Corporate Law

Directors’ Duties in Singapore: A Quick Guide

Written by Team Farallon | August 20, 2017

Directors of Singapore companies play important roles and responsibilities in the company. Do you know what they are?

Having been engaged by various SMEs and larger companies in Singapore as their SME or company lawyer in Singapore, we are able to provide some insight into the matter.

1. Maximising Shareholder Value

The first is to maximise shareholder value in the company (having regard to interests of other stakeholders). This means acting in the best interests of the company at all times, not acting in competition against the company

2. Protecting the Company from Loss or Harm 

The second role is to prevent the company from losing value, financial or otherwise. Directors who act irresponsibly or negligently are liable for litigation lawsuits and criminal prosecution if things go wrong. Directors need to hire the right employees and navigate the company through difficult situations to prevent unnecessary loss or harm to the company.

3. Disclosure of Information to Shareholders

The third, lesser known, role is to ensure that there is adequate and proper disclosure of information to enable the shareholders or investors to make informed decisions in relation to the company. Many directors are unaware of this as they feel that as long as they do 1 and 2 above, then they are in the clear.

The requirement to disclose interests in transactions, property and offices is set out in the Singapore statute which imposes certain statutory obligations on a director.

Specifically, Section 156 of the Companies Act imposes criminal liability on a director of a Singapore company for failing to declare any conflict of interests to his company’s management.

Disclosure of interests in transactions, property, offices, etc.

156. —(1)  Subject to this section, every director or chief executive officer of a company who is in any way, whether directly or indirectly, interested in a transaction or proposed transaction with the company shall as soon as is practicable after the relevant facts have come to his knowledge —

(a) declare the nature of his interest at a meeting of the directors of the company; or

(b) send a written notice to the company containing details on the nature, character and extent of his interest in the transaction or proposed transaction with the company.
(2)  A notice under subsection (1)(b) shall be given as soon as is practicable after —
       (a) the date on which the director or chief executive officer became a director or chief executive officer (as the case may be); or
(b) (if already a director or chief executive officer, as the case may be) the date on which the director or chief executive officer became, directly or indirectly, interested in a transaction or proposed transaction with the company, as the case requires.

 

Section 157 of the Companies Act imposes criminal liability on a director of a Singapore company for failing to exercise due diligence in the discharge of his duty of care to the company.

 

As to the duty and liability of officers

 

157.—(1)  A director shall at all times act honestly and use reasonable diligence in the discharge of the duties of his office.

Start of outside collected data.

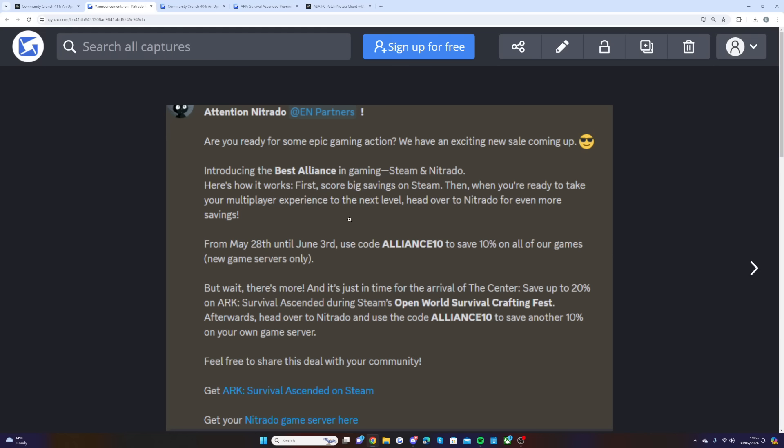From May 28th until June 3rd, use the link in the description down below and use code ALLIANCE10. You can save 10% off on all new game servers only. You can do this and get your server ready straight away for day one of the Center launching.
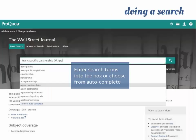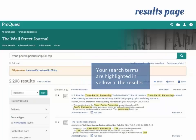Once you get to the Wall Street Journal page, you can enter your search terms right in the search box. I'm going to use Trans-Pacific Partnership as an example. This might also be referred to as TPP, so I'll put that in as an option as well. You'll notice that this database has an auto-fill feature for its search, so if you see your term pop up, feel free to click on it right from there.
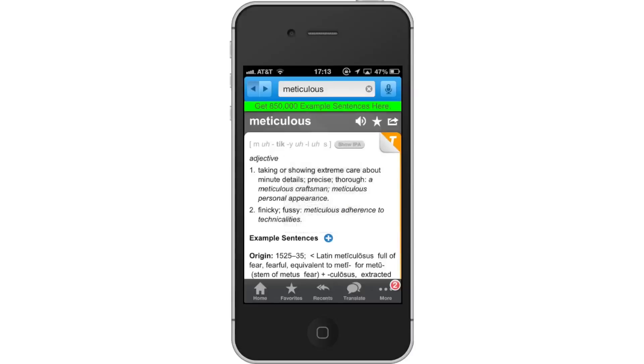Next, favorite a word by simply tapping the star icon. To access the word, tap the Favorites tab on the bottom navigation bar.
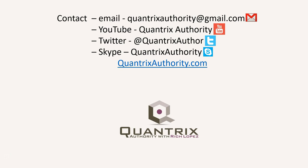Today's podcast is brought to you by QuantrixAuthority.com. I love Quantrix and I want to make you a Quantrix master.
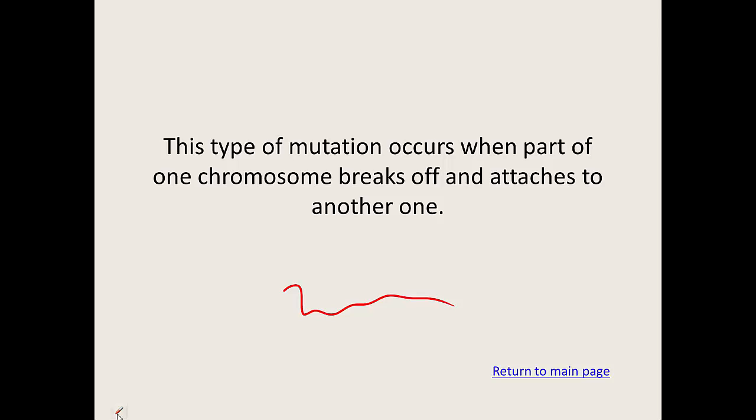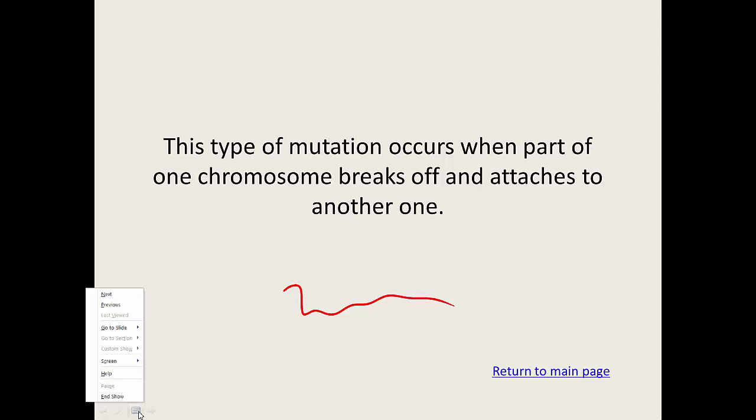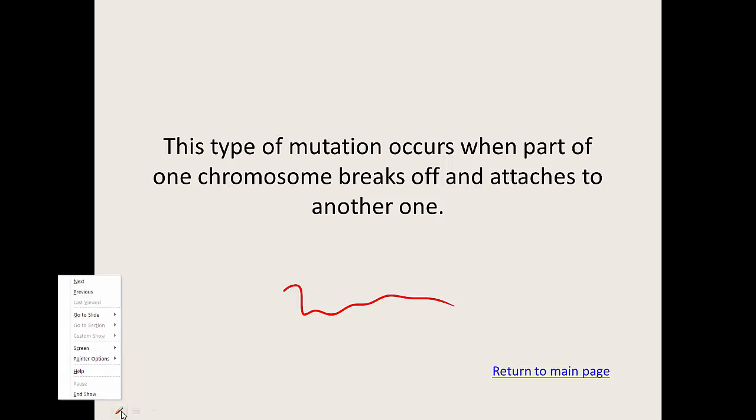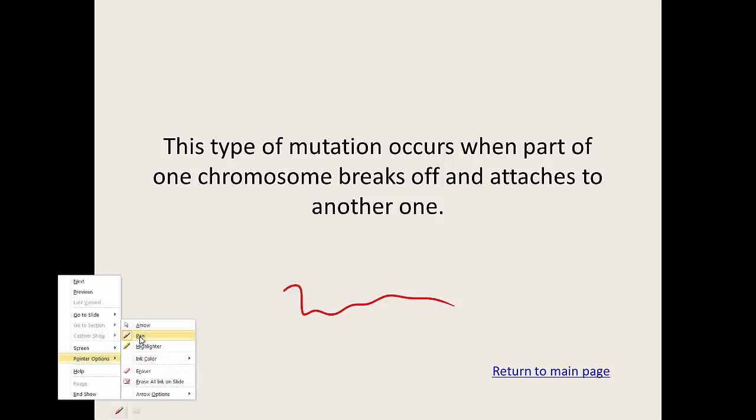So down in PowerPoint's corner here, you've got choices between go back a slide, go forward a slide, I think this is notes, I never use notes though. I don't remember what that is, but then you've got choices of pens to use, pointer options. So do you want the pen, do you want an arrow, do you want a highlighter?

(2)  An officer or agent of a company shall not make improper use of his position as an officer or agent of the company or any information acquired by virtue of his position as an officer or agent of the company to gain, directly or indirectly, an advantage for himself or for any other person or to cause detriment to the company.

(3)  An officer or agent who commits a breach of any of the provisions of this section shall be —

(a) liable to the company for any profit made by him or for any damage suffered by the company as a result of the breach of any of those provisions; and

(b) guilty of an offence and shall be liable on conviction to a fine not exceeding $5,000 or to imprisonment for a term not exceeding 12 months.

 In light of the above, do consider carefully before taking up a position as a Director of the Company. In particular, if you are not adequately remunerated or if you do not know who the shareholders are and what they expect of you, as you may be setting yourself up for future problems and lawsuits.